В центре внимания зрителя, только что вошедшего в зал, — ряд миниатюрных скульптур из войлока, созданных Бражниковой-Агаджиковой в период 2024–2025 годах. Это крошечные фигурки антропоморфных и зооморфных созданий, связанных с мифологическим или христианским мироустройством: «Обитатель дна», «Духи удачи», «Мадонна». Иногда художница изображает нечто эфемерное — сгусток энергии как визуализацию космических процессов («Сотворение мира», «Месяц»).
Хотя, говоря о «космосе», стоит сделать оговорку: подобными неопределёнными названиями авторка маскирует жизненные (земные) ситуации. Представленные скульптуры — во многом о человеческих отношениях. Присмотритесь, насколько чувственны, хрупки и осязаемы фигурки. Тема тактильности и взаимосвязей раскрывается не только через парные образы («Он и она», «Волшебница» и др.), но и через сам материал. Мы уже рассуждали в других статьях о художественной выразительности войлока — это очень тактильный и объёмный материал. Сам по себе войлок несёт большую смысловую нагрузку.
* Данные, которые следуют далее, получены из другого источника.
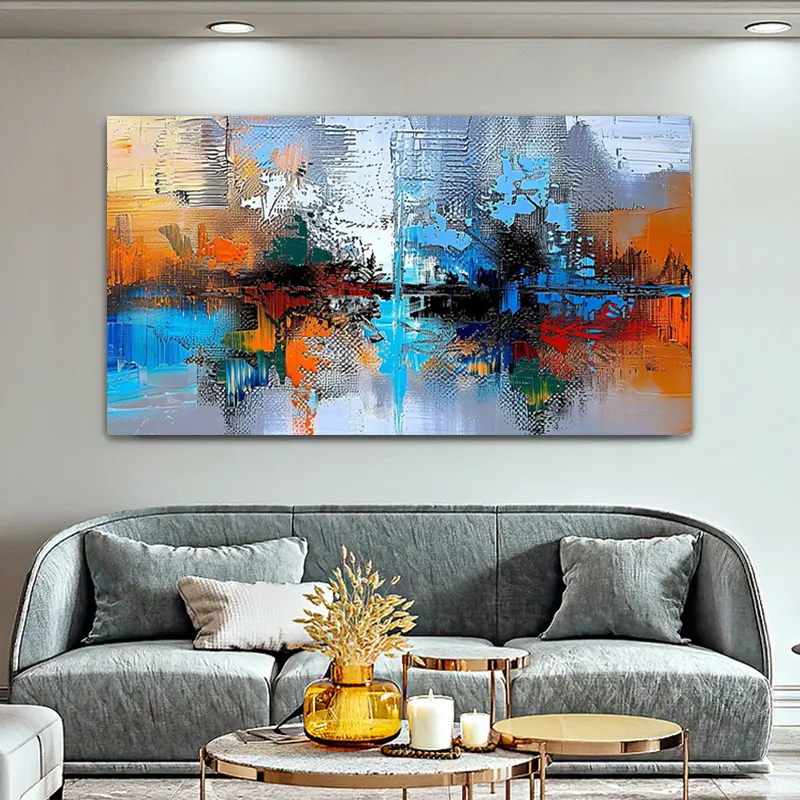 Pintura a óleo abstrata pintada à mão em tela, arte moderna para paredes e decoração de casa, pintura acrílica artesanal em tamanho grande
Дойдя примерно до середины ряда скульптур, внимание легко переключается на живопись Будариной. Это означает, что зритель вступает в диалог сразу с двумя авторками, возвращаясь попеременно то к работам одной, то другой. Неясность форм некоторых фигур соперничает с изображёнными персонажами, а стремление разгадать загадки объектов и узнать, что скрывают маски, становится всё сильнее.
В этой части экспозиции представлены холсты Будариной с изображением семьи художницы. Об этом можно судить по названиям работ: «Дом там, где», «К столу», «Родственники», «Семейный праздник». Интересно, что авторка преимущественно работает в жанре портрета — однако это не конкретизированные портреты, а собирательные образы. Маска в её живописи служит обобщающим символом той или иной эпохи. Поэтому полотна Будариной и очевидны, и проникновенны одновременно.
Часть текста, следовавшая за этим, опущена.